• [Exercise aim] Among the entries, find the lines with the string "legs" and copy them.

• [Provided records]
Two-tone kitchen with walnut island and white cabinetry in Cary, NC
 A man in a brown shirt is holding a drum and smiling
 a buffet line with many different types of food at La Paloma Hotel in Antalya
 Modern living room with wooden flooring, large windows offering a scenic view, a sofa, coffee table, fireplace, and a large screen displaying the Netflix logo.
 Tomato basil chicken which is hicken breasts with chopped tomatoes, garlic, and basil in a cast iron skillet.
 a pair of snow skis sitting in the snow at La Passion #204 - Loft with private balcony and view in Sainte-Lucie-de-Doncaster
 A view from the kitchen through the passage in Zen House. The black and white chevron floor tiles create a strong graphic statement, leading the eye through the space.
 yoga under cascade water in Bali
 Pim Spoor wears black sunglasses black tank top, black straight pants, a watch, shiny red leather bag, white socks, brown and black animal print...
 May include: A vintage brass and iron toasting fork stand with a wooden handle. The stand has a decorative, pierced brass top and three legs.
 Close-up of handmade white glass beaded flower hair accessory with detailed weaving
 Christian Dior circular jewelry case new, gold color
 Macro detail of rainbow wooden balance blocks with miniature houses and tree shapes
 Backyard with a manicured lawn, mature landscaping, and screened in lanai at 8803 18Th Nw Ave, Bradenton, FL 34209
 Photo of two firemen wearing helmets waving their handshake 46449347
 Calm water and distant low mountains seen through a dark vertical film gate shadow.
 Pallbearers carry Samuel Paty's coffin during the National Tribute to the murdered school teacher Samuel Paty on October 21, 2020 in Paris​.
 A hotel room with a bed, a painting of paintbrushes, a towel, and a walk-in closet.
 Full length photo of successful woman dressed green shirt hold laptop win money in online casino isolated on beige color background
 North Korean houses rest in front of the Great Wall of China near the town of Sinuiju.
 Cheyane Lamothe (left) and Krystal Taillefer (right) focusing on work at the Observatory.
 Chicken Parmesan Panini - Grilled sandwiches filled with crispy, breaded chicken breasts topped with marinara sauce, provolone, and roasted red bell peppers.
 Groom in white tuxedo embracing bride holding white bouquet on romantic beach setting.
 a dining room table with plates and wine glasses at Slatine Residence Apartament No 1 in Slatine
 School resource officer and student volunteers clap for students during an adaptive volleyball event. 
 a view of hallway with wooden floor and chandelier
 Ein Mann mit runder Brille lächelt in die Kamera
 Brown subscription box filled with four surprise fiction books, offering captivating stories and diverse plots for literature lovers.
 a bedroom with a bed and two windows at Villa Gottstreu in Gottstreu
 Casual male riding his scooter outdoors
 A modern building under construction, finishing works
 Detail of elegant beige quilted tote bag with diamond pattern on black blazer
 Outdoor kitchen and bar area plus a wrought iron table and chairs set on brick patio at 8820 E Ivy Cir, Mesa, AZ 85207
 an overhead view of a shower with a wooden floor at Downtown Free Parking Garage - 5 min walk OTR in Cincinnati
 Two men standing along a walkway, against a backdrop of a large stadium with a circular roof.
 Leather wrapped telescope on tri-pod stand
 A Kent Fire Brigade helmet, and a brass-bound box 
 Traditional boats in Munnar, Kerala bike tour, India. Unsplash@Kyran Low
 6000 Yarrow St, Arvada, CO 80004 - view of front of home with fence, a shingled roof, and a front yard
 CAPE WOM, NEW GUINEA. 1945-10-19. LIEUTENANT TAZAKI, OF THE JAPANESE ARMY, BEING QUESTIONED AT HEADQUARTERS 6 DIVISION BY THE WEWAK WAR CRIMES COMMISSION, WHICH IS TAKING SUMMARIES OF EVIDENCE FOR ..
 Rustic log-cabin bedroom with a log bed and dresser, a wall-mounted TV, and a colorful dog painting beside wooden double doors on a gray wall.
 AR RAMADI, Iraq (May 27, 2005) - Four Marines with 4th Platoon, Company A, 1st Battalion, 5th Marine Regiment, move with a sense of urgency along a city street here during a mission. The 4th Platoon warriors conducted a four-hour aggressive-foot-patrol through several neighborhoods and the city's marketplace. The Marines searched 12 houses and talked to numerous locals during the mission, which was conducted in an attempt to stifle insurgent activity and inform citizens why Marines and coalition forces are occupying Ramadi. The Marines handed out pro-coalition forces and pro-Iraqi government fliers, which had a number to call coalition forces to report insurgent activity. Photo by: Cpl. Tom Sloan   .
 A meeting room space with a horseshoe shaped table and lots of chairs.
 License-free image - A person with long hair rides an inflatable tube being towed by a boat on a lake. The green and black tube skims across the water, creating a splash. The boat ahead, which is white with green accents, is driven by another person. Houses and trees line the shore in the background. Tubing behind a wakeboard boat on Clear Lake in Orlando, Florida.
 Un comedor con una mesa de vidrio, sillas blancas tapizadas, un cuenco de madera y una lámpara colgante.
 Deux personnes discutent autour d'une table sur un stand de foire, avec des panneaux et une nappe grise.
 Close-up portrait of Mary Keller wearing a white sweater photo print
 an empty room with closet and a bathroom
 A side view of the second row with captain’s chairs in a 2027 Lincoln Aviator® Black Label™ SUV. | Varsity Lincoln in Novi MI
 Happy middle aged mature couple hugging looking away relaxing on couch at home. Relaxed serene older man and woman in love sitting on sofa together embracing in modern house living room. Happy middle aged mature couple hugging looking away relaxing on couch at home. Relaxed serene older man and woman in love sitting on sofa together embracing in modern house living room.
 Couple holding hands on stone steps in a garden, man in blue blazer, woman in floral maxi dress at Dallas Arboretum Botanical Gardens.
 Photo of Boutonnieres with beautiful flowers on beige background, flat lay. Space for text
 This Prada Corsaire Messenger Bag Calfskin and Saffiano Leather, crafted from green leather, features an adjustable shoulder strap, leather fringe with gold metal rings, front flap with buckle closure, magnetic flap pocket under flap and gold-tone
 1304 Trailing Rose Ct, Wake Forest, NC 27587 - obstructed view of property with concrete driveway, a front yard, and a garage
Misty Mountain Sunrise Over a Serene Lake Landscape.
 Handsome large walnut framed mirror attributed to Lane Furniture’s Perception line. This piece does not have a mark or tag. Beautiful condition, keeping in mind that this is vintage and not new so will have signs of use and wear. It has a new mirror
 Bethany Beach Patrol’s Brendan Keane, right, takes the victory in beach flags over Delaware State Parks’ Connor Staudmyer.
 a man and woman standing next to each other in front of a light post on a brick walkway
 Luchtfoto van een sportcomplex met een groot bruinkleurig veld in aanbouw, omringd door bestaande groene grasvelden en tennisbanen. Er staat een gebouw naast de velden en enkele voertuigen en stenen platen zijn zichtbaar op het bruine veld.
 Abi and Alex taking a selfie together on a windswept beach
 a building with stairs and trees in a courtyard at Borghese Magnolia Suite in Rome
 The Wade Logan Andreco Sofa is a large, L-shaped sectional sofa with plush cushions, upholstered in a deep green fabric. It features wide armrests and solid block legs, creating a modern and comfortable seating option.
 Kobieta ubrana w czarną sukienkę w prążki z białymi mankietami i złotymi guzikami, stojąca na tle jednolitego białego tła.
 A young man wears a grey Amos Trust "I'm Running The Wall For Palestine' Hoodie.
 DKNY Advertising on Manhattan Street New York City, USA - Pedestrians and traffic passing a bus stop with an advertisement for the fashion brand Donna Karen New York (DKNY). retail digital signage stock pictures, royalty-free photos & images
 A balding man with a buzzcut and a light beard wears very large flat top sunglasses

• [Your solution]
 May include: A vintage brass and iron toasting fork stand with a wooden handle. The stand has a decorative, pierced brass top and three legs.
 The Wade Logan Andreco Sofa is a large, L-shaped sectional sofa with plush cushions, upholstered in a deep green fabric. It features wide armrests and solid block legs, creating a modern and comfortable seating option.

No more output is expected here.